* Working data:
▽
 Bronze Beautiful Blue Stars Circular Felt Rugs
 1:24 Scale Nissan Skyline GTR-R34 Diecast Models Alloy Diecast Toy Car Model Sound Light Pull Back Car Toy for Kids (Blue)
△
▽
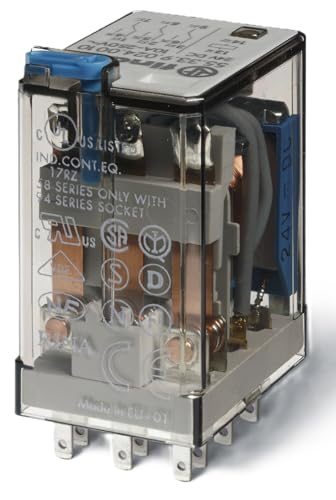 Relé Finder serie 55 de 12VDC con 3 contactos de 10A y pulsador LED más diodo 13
△
▽
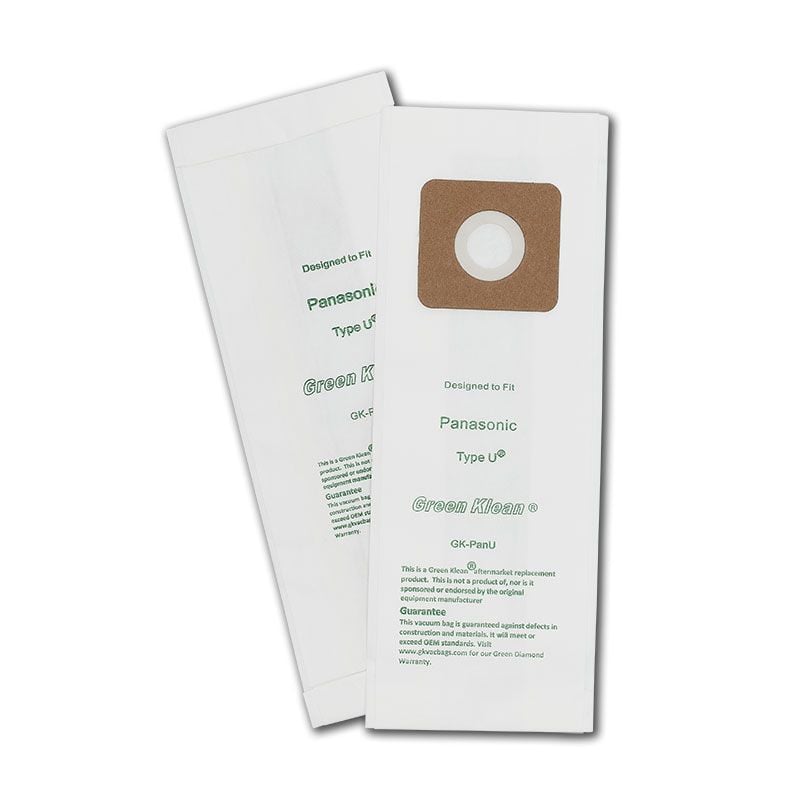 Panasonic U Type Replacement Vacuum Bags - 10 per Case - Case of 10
△
* Assignment:
Taking the entries above, write out exactly each line from the one holding "Bronze Beautiful Blue" to the one holding "1:24 Scale Nissan", both included, and stop there.

* Your solution:
 Bronze Beautiful Blue Stars Circular Felt Rugs
 1:24 Scale Nissan Skyline GTR-R34 Diecast Models Alloy Diecast Toy Car Model Sound Light Pull Back Car Toy for Kids (Blue)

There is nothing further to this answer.